The Company Rating assesses an individual company's contribution to reducing environmental and social risks and how well it exploits the corresponding opportunities. The rating is based upon a matrix of criteria developed in-house. The matrix covers the following three aspects:

  • Environmental responsibility: a company's measures and initiatives to reduce the environmental impacts in production, supply chain and product usage.

  • Social responsibility: a company's measures and initiatives to take into consideration the interests of customers, employees, suppliers and society as a whole, for example product safety, occupational health& safety, or working conditions at suppliers.

  • Corporate governance: embedding sustainability aspects in corporate strategy and business model; management systems; corporate governance standards.

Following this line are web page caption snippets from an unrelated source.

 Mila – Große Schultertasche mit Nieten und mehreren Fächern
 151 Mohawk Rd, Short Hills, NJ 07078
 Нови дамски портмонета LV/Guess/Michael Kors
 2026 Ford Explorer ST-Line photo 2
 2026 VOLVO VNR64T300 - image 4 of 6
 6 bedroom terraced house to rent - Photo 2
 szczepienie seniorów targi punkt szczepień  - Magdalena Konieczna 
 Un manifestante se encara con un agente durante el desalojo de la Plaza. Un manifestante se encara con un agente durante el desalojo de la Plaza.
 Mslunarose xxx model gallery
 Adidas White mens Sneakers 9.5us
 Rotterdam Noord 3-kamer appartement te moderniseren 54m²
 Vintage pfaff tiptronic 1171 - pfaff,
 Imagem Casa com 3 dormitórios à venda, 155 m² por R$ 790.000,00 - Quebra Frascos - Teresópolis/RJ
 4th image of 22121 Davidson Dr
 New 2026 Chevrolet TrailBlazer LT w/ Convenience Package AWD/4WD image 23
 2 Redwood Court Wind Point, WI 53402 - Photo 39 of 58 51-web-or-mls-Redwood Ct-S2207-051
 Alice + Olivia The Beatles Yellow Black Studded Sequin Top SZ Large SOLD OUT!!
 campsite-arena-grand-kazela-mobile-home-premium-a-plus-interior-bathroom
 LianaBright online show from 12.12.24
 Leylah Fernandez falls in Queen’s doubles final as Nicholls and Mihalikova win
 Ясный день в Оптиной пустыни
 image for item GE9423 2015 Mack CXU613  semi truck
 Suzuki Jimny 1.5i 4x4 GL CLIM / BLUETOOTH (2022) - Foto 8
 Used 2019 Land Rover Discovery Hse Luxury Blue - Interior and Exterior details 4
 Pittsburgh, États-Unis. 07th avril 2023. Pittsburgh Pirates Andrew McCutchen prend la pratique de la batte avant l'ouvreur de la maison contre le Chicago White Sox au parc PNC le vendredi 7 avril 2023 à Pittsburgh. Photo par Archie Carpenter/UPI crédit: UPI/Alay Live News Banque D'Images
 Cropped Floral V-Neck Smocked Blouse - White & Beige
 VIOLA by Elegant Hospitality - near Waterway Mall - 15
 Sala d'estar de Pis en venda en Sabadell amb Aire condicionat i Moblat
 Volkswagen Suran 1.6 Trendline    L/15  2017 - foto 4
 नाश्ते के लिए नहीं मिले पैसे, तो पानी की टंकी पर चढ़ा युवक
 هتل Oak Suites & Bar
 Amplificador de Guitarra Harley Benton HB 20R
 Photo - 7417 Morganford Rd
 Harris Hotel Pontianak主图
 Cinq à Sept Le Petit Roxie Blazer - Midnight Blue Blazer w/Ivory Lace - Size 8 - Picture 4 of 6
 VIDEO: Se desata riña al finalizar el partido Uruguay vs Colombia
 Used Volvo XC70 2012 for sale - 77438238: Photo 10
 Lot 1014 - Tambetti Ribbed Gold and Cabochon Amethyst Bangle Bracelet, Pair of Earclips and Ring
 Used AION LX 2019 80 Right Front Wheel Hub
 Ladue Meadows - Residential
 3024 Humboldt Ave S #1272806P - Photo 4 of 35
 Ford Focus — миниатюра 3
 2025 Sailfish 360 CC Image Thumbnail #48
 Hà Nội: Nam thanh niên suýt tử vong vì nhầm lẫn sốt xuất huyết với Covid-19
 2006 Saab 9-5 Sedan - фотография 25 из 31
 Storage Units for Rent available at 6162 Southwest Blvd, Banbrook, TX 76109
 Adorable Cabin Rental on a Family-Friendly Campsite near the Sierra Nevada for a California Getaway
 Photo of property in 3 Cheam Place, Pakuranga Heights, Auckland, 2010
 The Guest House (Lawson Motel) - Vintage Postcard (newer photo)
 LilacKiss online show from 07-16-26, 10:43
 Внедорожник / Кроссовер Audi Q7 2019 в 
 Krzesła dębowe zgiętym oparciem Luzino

GOVERNMENT BONDS The two dimensions for the sustainability rating of government bonds are resource availability and resource productivity. Resource availability includes the current and future availability of a country's natural resources (primarily biocapacity minus ecological footprint), as well as its social and financial resources. Resource productivity measures the efficiency of transforming resources into material wealth (gross domestic product), the efficiency of the education and health system with respect to resource consumption, as well as the efficiency of a country's economic, political and social processes, plus the overall conditions.

PUBLIC FINANCIAL INSTITUTIONS Public financial institutions are state-supported banks with a set mandate, such as financing export activity or combating poverty. The definition of the mandate determines to what extent the institution is promoting sustainable development. The way how the mandate is implemented determines how the institution performs within the framework of a company’s rating which is based on the rating criteria for banks.

PUBLIC COVERED BONDS Covered bonds are eligible for investment if both the issuer and cover pool are sustainable. The issuer rating follows the same methodology as corporate ratings within that sector, which in most cases are banks (described above, not shown here). The cover pool comprises loans to the public sector as well as government bonds. The sustainability rating of the cover pool thus corresponds to the weighted average rating of the countries financed.